--- Supplied information Enclosed Below ---

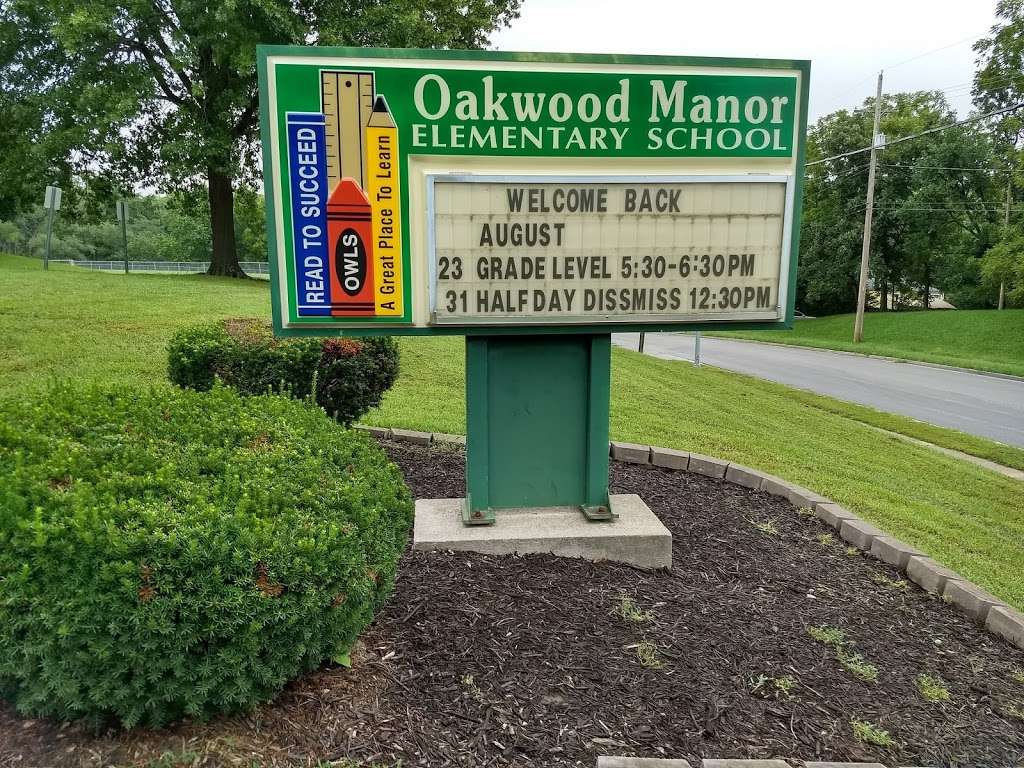 Oakwood Manor Elementary School | 5900 N Flora Ave, Kansas City, MO 64118, USA | Phone: (816) 321-5180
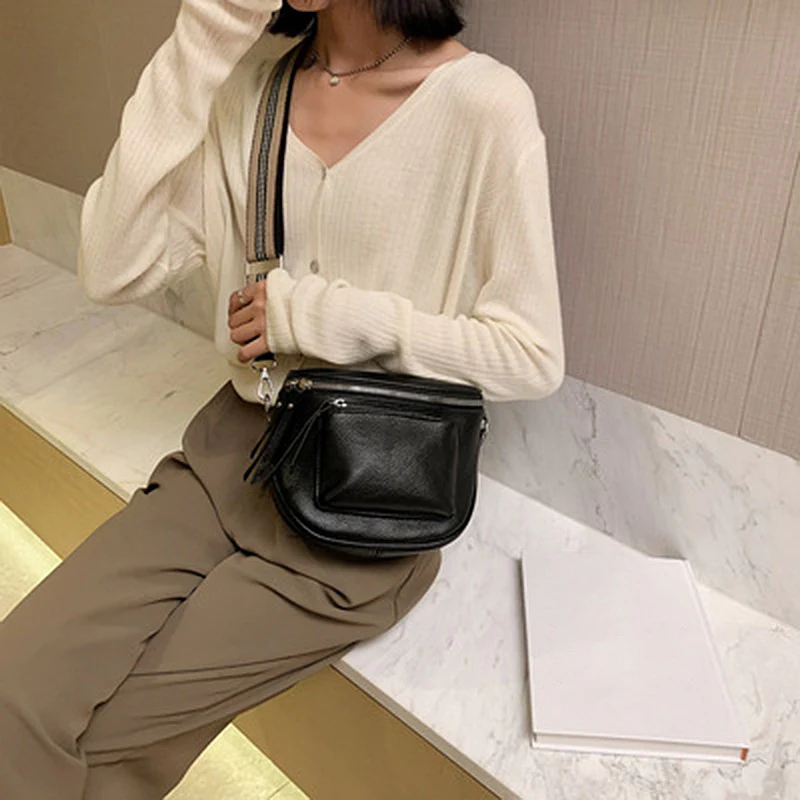 ClassicElegance Crossbody Bag - Design Intemporel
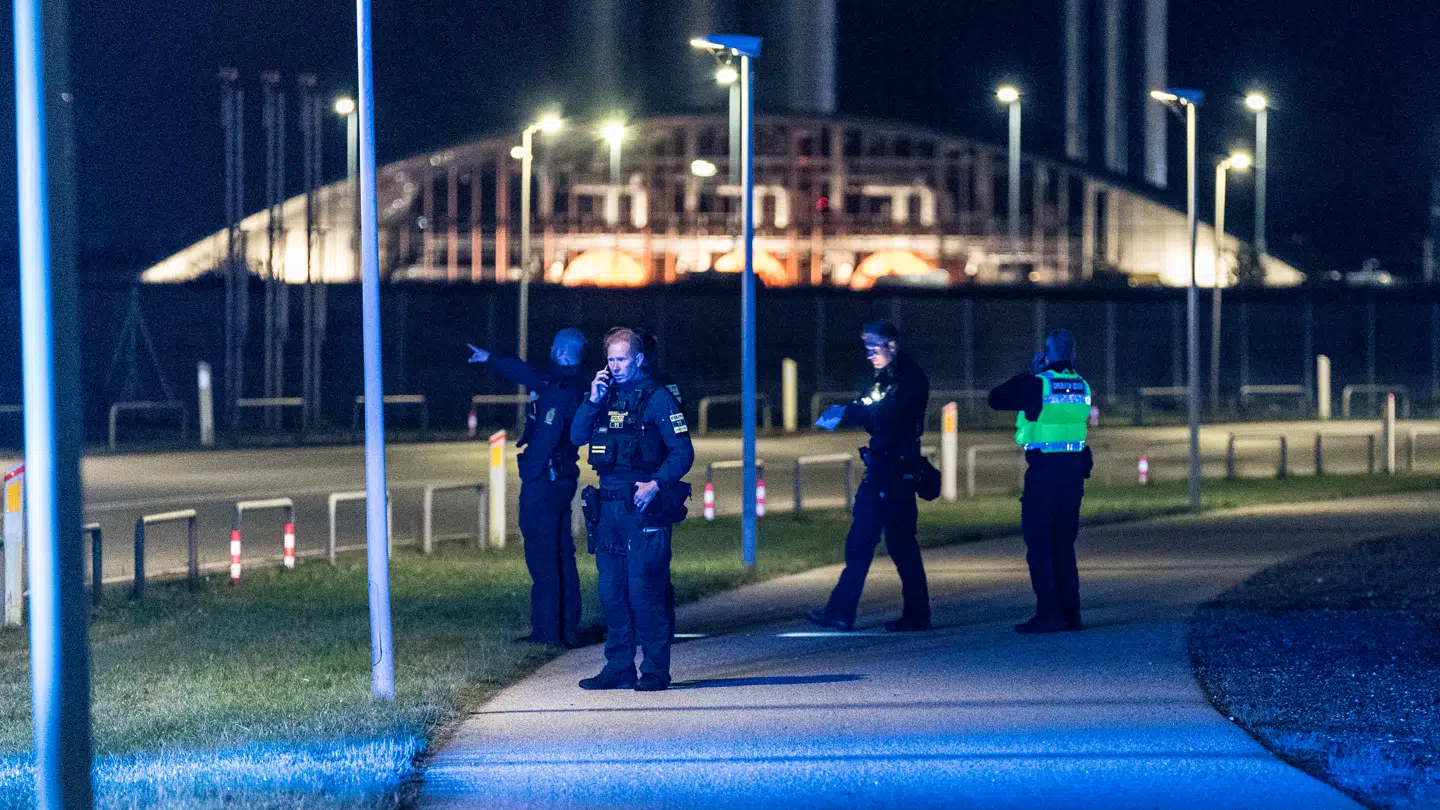Dronerne over Københavns Lufthavn lukkede mandag aften luftrummet i Kastrup i fire timer, mens en talstærk politistyrke magtesløse kunne følge dronerne flyve rundt over hovederne på dem.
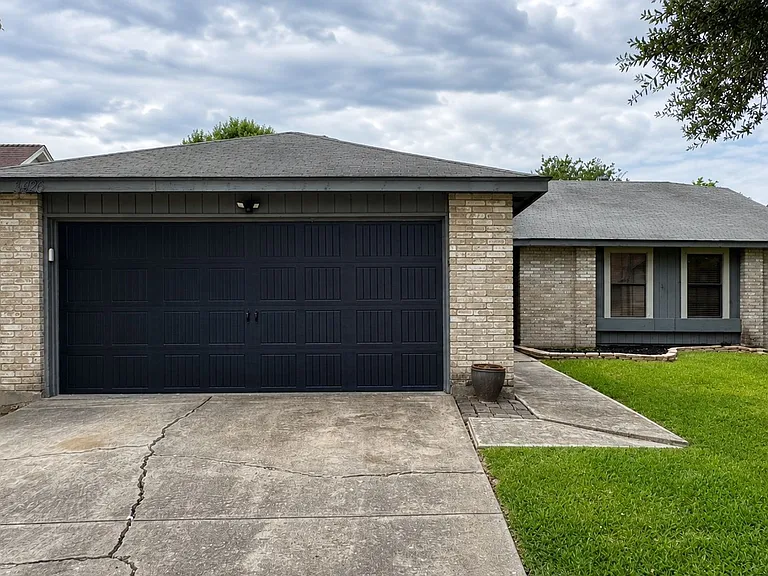 3426 Meadow Head Dr — Photo 2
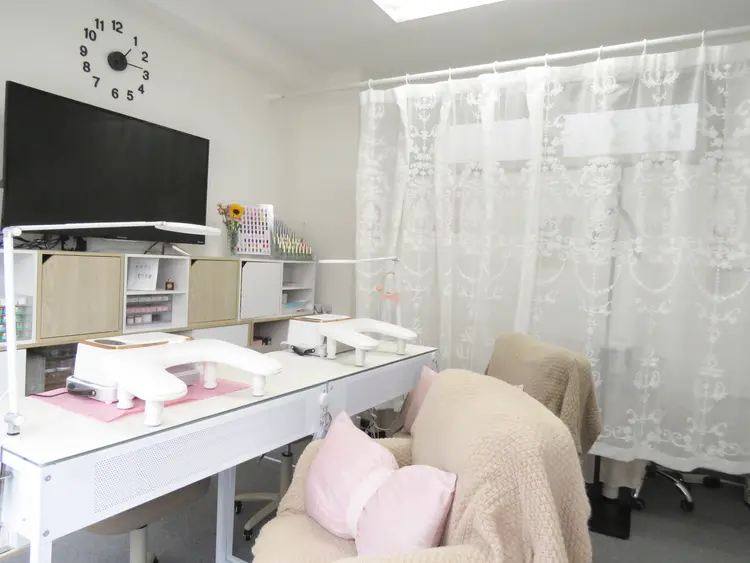 F & Tネイルサロンの内観・外観1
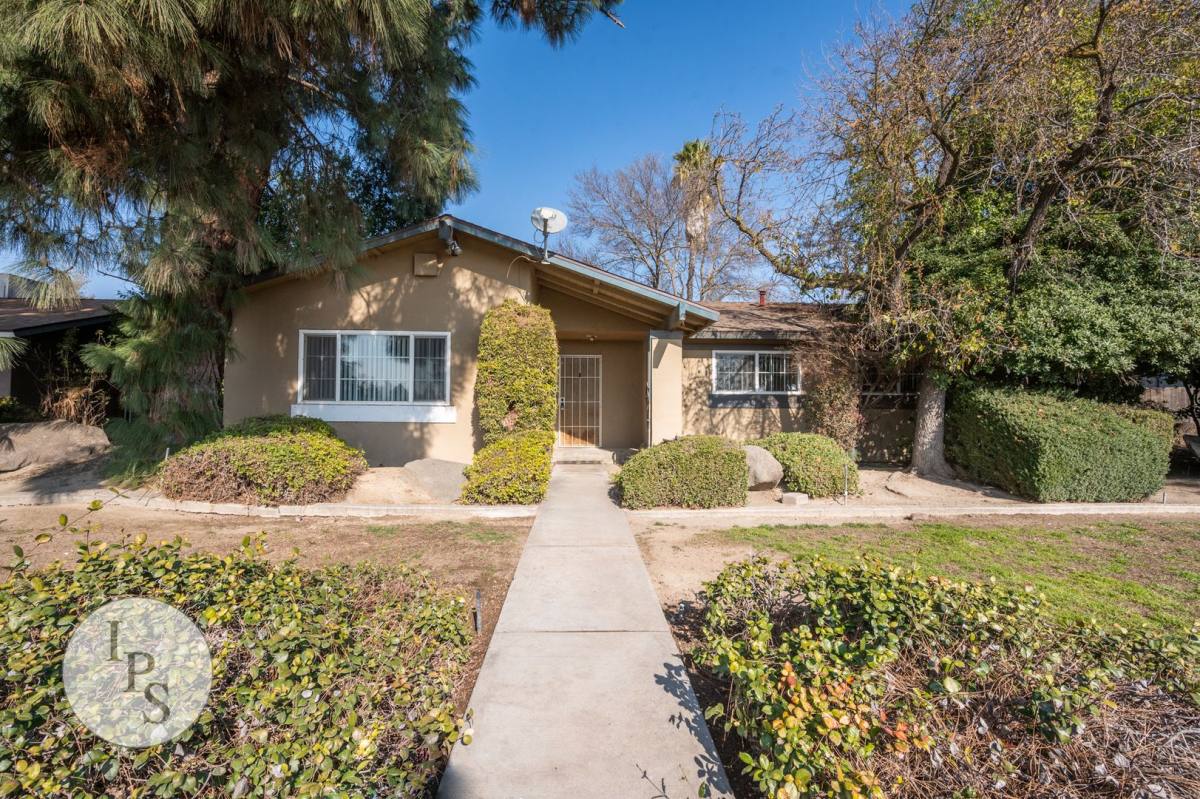 House for rent at 15404 W Kearney Blvd, Kerman, CA 93630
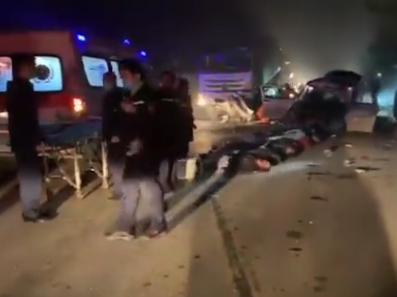西安一面包车与搅拌罐车相撞已致10死2伤 肇事者被控制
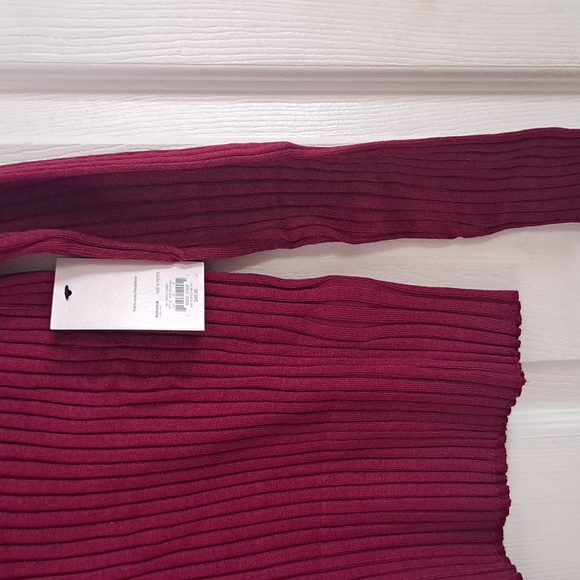Medium Petite Nine West Turtleneck - Picture 4 of 8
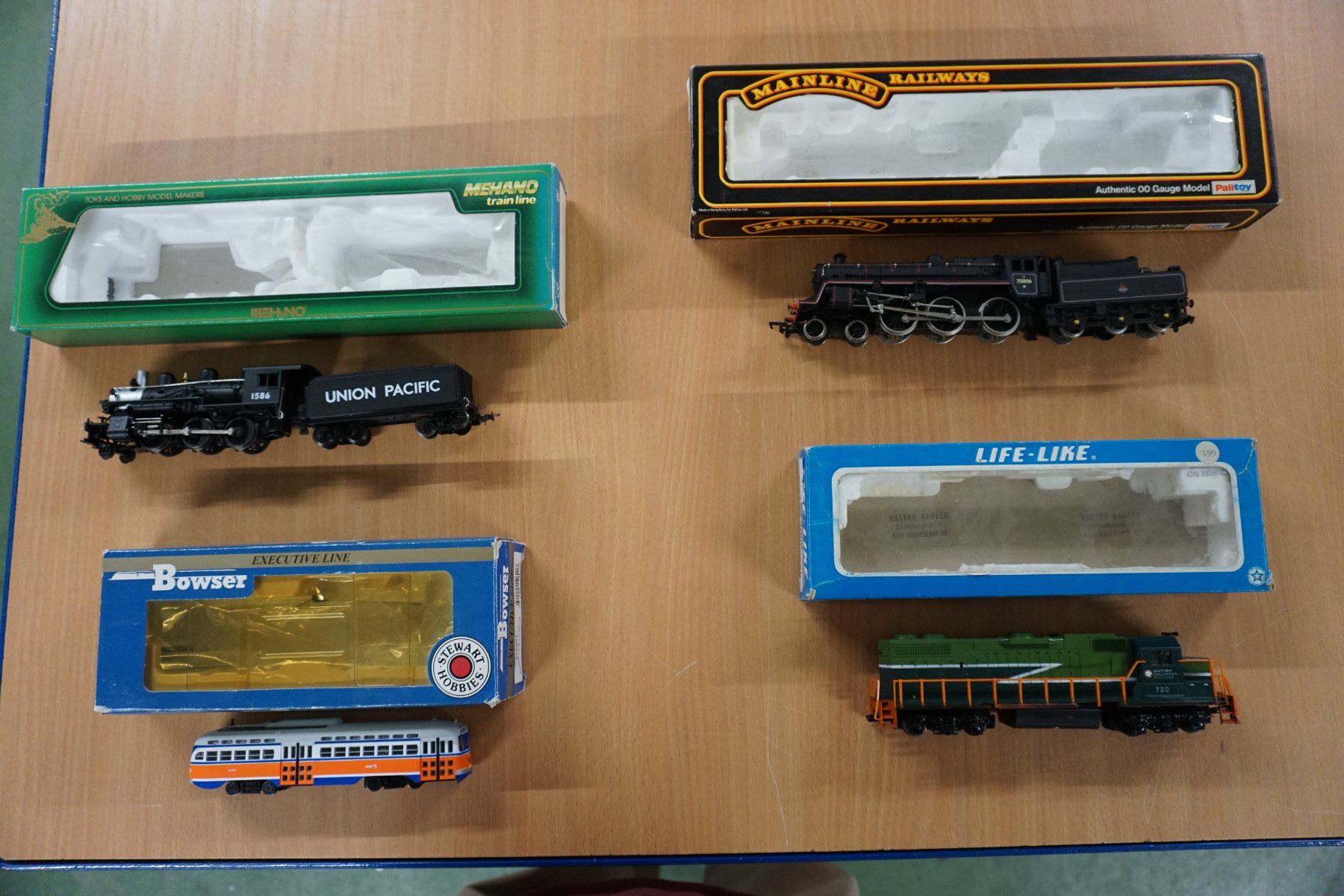 Modellini di ferrovie: 4 Eisenbahnmodelle der USA – Usato da Effretikon venduto da CS1973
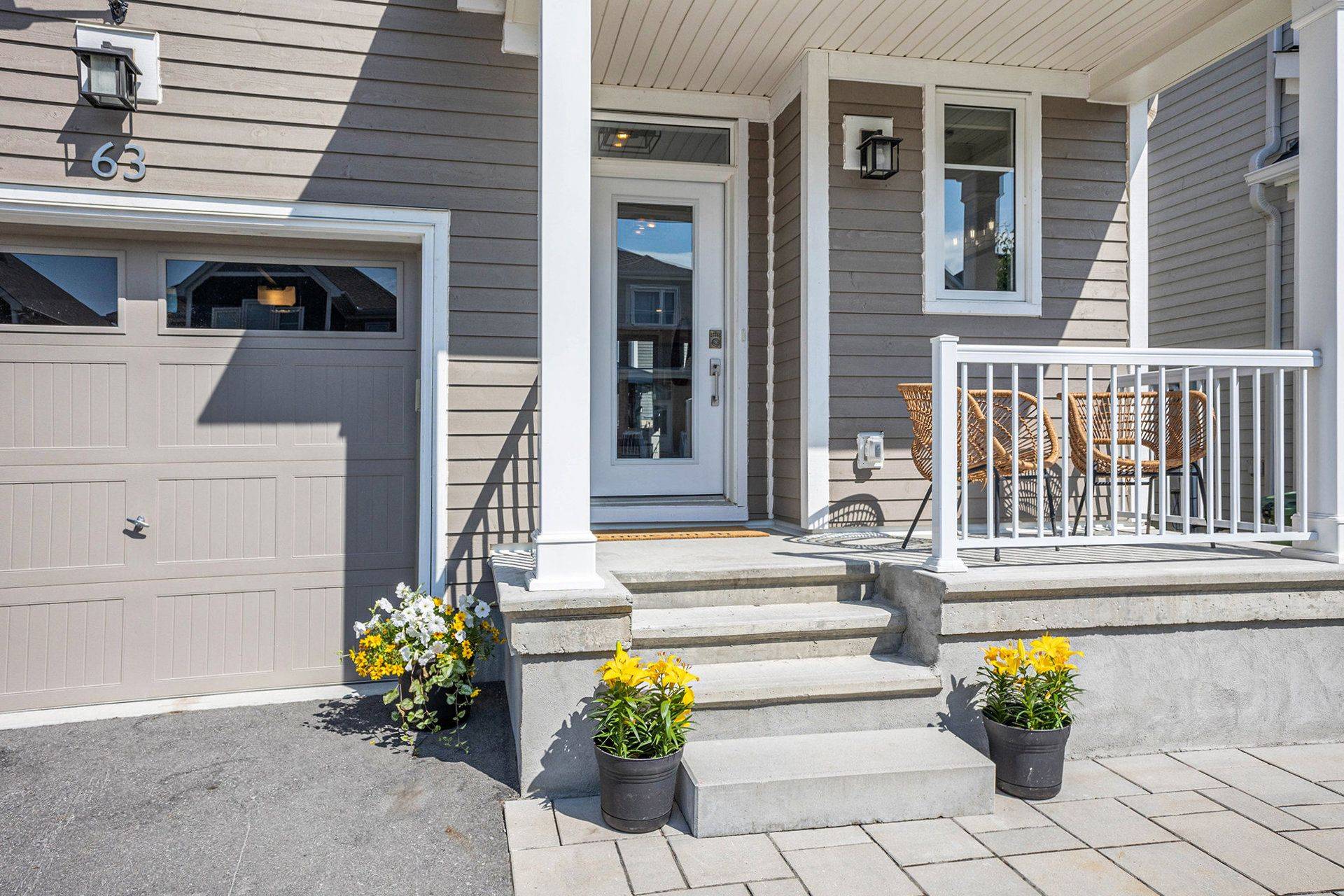 Stittsville - Munster - Richmond, ON K0A 2Z0,63 Pelham CRES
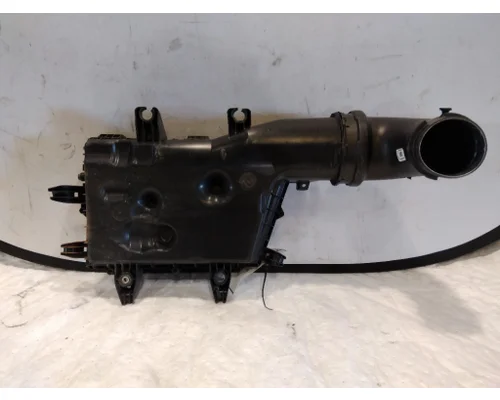 INTERNATIONAL MV AIR CLEANER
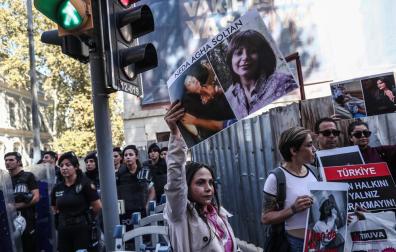 Protesta frente al consulado iraní en Estambul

--- End of Enclosed Supplied information ---

Task to carry out –
Please repeat every record exactly, leaving the pictures out.

Solution to this problem –
 Oakwood Manor Elementary School | 5900 N Flora Ave, Kansas City, MO 64118, USA | Phone: (816) 321-5180
 ClassicElegance Crossbody Bag - Design Intemporel
Dronerne over Københavns Lufthavn lukkede mandag aften luftrummet i Kastrup i fire timer, mens en talstærk politistyrke magtesløse kunne følge dronerne flyve rundt over hovederne på dem.
 3426 Meadow Head Dr — Photo 2
 F & Tネイルサロンの内観・外観1
 House for rent at 15404 W Kearney Blvd, Kerman, CA 93630
西安一面包车与搅拌罐车相撞已致10死2伤 肇事者被控制
Medium Petite Nine West Turtleneck - Picture 4 of 8
 Modellini di ferrovie: 4 Eisenbahnmodelle der USA – Usato da Effretikon venduto da CS1973
 Stittsville - Munster - Richmond, ON K0A 2Z0,63 Pelham CRES
 INTERNATIONAL MV AIR CLEANER
 Protesta frente al consulado iraní en Estambul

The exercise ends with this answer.